*Work instructions*. From the data below, please reproduce exactly everything from the line that contains "Фото 1/10 Краска" down to the line that contains "หลวงปู่คำผาพระ", with both ends included.

*Records supplied*.
┏━━

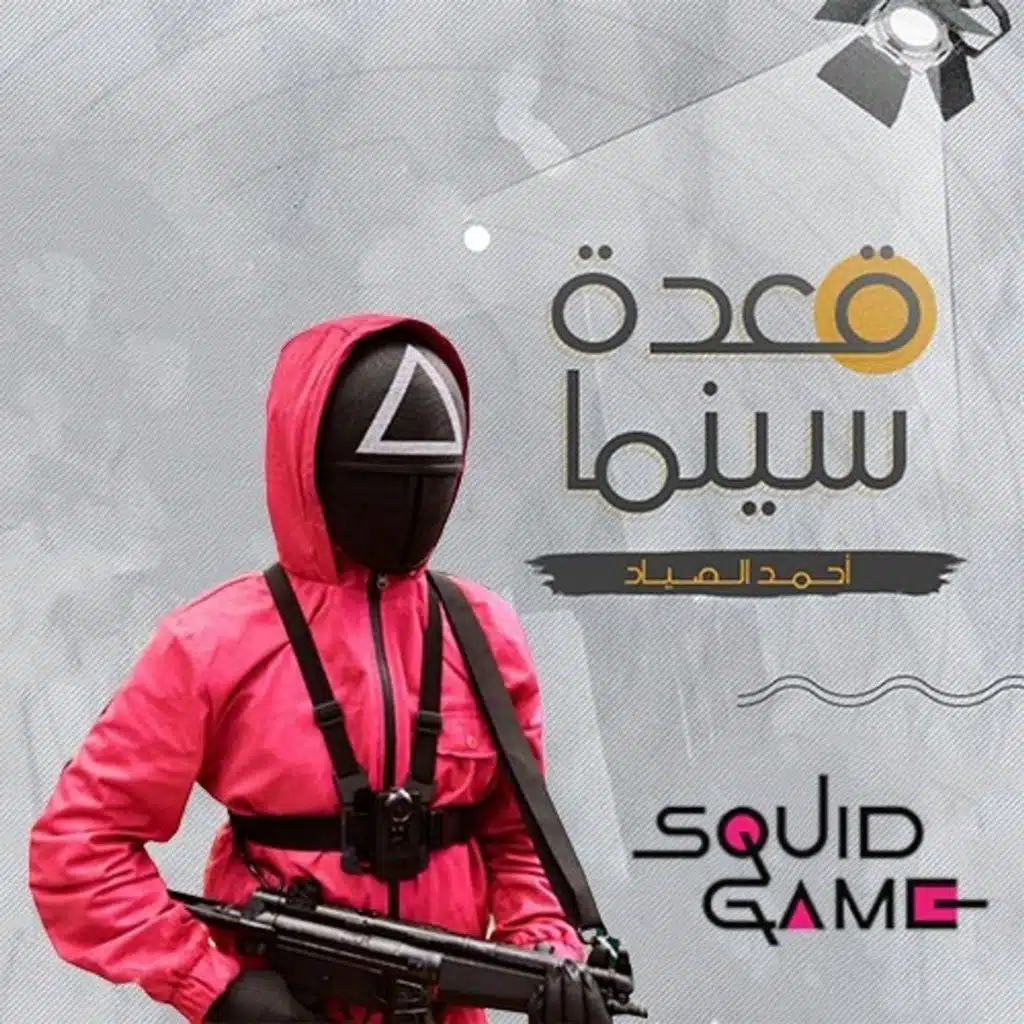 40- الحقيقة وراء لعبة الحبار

┗━━
┏━━

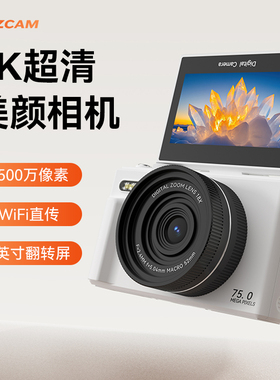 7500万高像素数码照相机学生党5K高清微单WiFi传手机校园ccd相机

┗━━
┏━━

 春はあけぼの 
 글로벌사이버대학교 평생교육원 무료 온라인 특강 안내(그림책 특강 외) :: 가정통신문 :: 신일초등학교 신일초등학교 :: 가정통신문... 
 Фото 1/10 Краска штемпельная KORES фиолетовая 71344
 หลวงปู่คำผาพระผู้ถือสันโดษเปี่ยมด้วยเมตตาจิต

┗━━

*Response area*.
 Фото 1/10 Краска штемпельная KORES фиолетовая 71344
 หลวงปู่คำผาพระผู้ถือสันโดษเปี่ยมด้วยเมตตาจิต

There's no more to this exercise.